DATA EXTRACT:
□ □ □ □

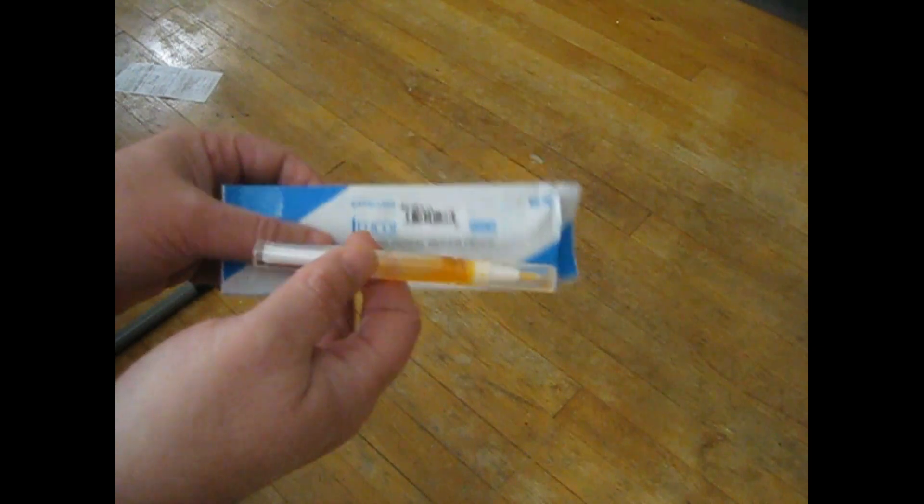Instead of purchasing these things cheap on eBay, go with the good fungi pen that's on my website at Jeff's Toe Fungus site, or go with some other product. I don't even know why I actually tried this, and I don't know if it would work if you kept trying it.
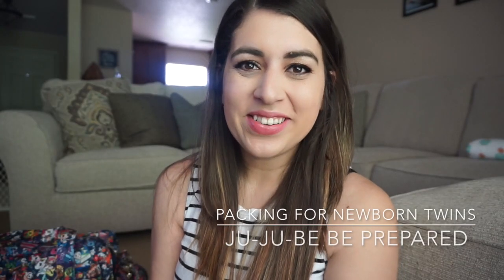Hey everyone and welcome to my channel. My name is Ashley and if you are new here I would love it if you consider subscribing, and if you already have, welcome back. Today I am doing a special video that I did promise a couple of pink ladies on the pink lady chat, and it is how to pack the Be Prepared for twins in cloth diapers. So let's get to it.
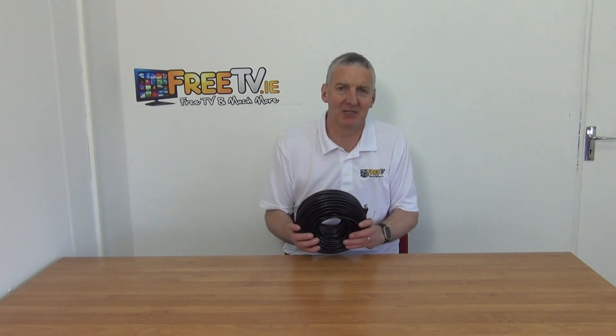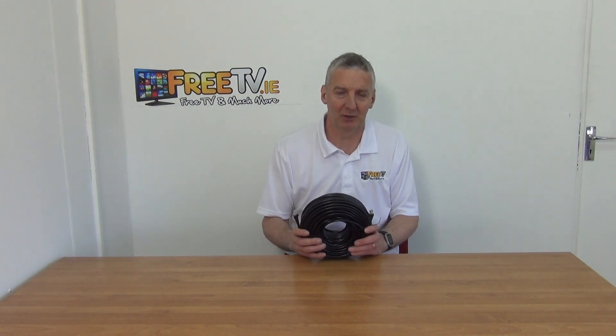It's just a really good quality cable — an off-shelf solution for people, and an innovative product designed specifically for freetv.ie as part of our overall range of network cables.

□ □ □ □

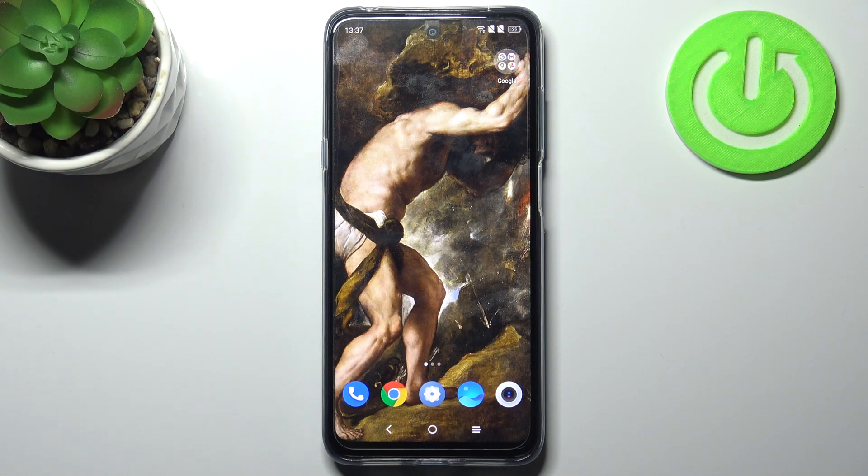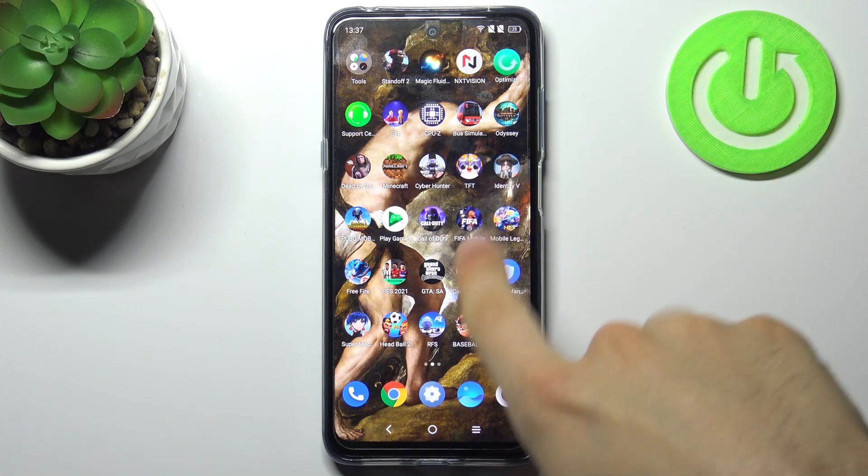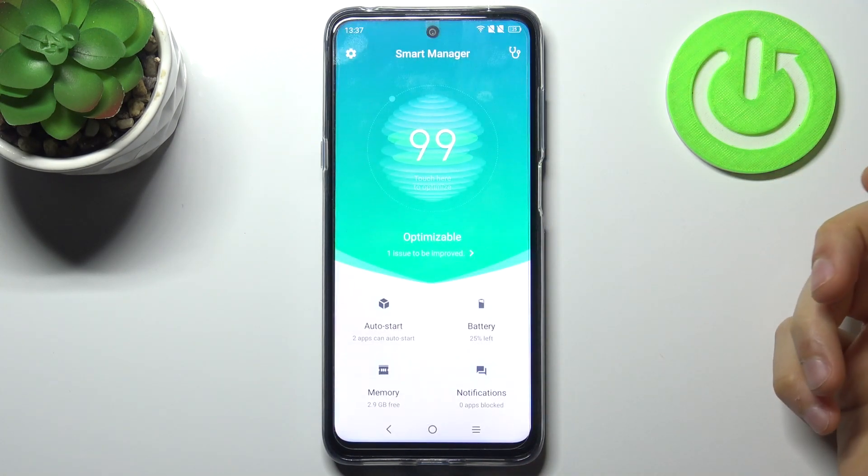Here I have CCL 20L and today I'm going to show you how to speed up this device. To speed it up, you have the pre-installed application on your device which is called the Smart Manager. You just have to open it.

□ □ □ □

THE PROBLEM: Only the lines above from the one with "Instead of purchasing" to the one with "It's just a" should be printed, both included and exactly as written; no picture belongs in the copy.

TASK OUTPUT:
Instead of purchasing these things cheap on eBay, go with the good fungi pen that's on my website at Jeff's Toe Fungus site, or go with some other product. I don't even know why I actually tried this, and I don't know if it would work if you kept trying it.
Hey everyone and welcome to my channel. My name is Ashley and if you are new here I would love it if you consider subscribing, and if you already have, welcome back. Today I am doing a special video that I did promise a couple of pink ladies on the pink lady chat, and it is how to pack the Be Prepared for twins in cloth diapers. So let's get to it.
It's just a really good quality cable — an off-shelf solution for people, and an innovative product designed specifically for freetv.ie as part of our overall range of network cables.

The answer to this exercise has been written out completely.